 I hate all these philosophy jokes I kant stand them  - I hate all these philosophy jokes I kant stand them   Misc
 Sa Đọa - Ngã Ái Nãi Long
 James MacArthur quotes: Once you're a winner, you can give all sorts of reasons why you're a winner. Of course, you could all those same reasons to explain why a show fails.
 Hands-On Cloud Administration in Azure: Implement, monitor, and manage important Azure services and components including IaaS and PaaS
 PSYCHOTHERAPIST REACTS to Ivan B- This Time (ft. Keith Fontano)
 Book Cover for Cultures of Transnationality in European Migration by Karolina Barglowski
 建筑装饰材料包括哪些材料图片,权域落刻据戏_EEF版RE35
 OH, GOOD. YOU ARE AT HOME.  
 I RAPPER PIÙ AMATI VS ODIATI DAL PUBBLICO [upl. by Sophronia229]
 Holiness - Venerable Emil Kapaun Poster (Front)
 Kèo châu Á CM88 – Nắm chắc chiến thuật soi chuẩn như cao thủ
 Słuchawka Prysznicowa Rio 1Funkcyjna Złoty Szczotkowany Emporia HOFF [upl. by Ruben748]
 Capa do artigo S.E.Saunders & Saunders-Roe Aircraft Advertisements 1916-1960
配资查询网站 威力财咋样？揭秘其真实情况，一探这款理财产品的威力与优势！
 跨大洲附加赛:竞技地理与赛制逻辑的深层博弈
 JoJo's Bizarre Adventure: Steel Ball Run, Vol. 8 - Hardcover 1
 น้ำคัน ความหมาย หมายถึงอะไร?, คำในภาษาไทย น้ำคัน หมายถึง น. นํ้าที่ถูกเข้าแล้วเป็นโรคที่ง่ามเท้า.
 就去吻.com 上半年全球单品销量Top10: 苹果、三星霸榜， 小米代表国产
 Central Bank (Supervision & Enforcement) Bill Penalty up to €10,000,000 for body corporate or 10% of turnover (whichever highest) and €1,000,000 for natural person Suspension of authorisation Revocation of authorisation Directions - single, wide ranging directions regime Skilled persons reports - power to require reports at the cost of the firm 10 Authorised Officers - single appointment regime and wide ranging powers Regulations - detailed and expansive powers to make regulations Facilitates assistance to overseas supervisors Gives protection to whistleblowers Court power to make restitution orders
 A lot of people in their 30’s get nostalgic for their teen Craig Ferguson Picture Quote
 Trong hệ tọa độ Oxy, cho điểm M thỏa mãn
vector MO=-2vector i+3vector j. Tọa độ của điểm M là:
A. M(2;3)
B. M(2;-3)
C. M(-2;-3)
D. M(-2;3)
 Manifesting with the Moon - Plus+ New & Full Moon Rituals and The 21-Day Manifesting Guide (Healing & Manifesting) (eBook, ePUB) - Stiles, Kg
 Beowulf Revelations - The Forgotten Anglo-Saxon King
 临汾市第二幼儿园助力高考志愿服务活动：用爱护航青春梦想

### TASK BRIEF
Transcribe all of the records exactly.

### ANSWER SPACE
 I hate all these philosophy jokes I kant stand them  - I hate all these philosophy jokes I kant stand them   Misc
 Sa Đọa - Ngã Ái Nãi Long
 James MacArthur quotes: Once you're a winner, you can give all sorts of reasons why you're a winner. Of course, you could all those same reasons to explain why a show fails.
 Hands-On Cloud Administration in Azure: Implement, monitor, and manage important Azure services and components including IaaS and PaaS
 PSYCHOTHERAPIST REACTS to Ivan B- This Time (ft. Keith Fontano)
 Book Cover for Cultures of Transnationality in European Migration by Karolina Barglowski
 建筑装饰材料包括哪些材料图片,权域落刻据戏_EEF版RE35
 OH, GOOD. YOU ARE AT HOME.  
 I RAPPER PIÙ AMATI VS ODIATI DAL PUBBLICO [upl. by Sophronia229]
 Holiness - Venerable Emil Kapaun Poster (Front)
 Kèo châu Á CM88 – Nắm chắc chiến thuật soi chuẩn như cao thủ
 Słuchawka Prysznicowa Rio 1Funkcyjna Złoty Szczotkowany Emporia HOFF [upl. by Ruben748]
 Capa do artigo S.E.Saunders & Saunders-Roe Aircraft Advertisements 1916-1960
配资查询网站 威力财咋样？揭秘其真实情况，一探这款理财产品的威力与优势！
 跨大洲附加赛:竞技地理与赛制逻辑的深层博弈
 JoJo's Bizarre Adventure: Steel Ball Run, Vol. 8 - Hardcover 1
 น้ำคัน ความหมาย หมายถึงอะไร?, คำในภาษาไทย น้ำคัน หมายถึง น. นํ้าที่ถูกเข้าแล้วเป็นโรคที่ง่ามเท้า.
 就去吻.com 上半年全球单品销量Top10: 苹果、三星霸榜， 小米代表国产
 Central Bank (Supervision & Enforcement) Bill Penalty up to €10,000,000 for body corporate or 10% of turnover (whichever highest) and €1,000,000 for natural person Suspension of authorisation Revocation of authorisation Directions - single, wide ranging directions regime Skilled persons reports - power to require reports at the cost of the firm 10 Authorised Officers - single appointment regime and wide ranging powers Regulations - detailed and expansive powers to make regulations Facilitates assistance to overseas supervisors Gives protection to whistleblowers Court power to make restitution orders
 A lot of people in their 30’s get nostalgic for their teen Craig Ferguson Picture Quote
 Trong hệ tọa độ Oxy, cho điểm M thỏa mãn
vector MO=-2vector i+3vector j. Tọa độ của điểm M là:
A. M(2;3)
B. M(2;-3)
C. M(-2;-3)
D. M(-2;3)
 Manifesting with the Moon - Plus+ New & Full Moon Rituals and The 21-Day Manifesting Guide (Healing & Manifesting) (eBook, ePUB) - Stiles, Kg
 Beowulf Revelations - The Forgotten Anglo-Saxon King
 临汾市第二幼儿园助力高考志愿服务活动：用爱护航青春梦想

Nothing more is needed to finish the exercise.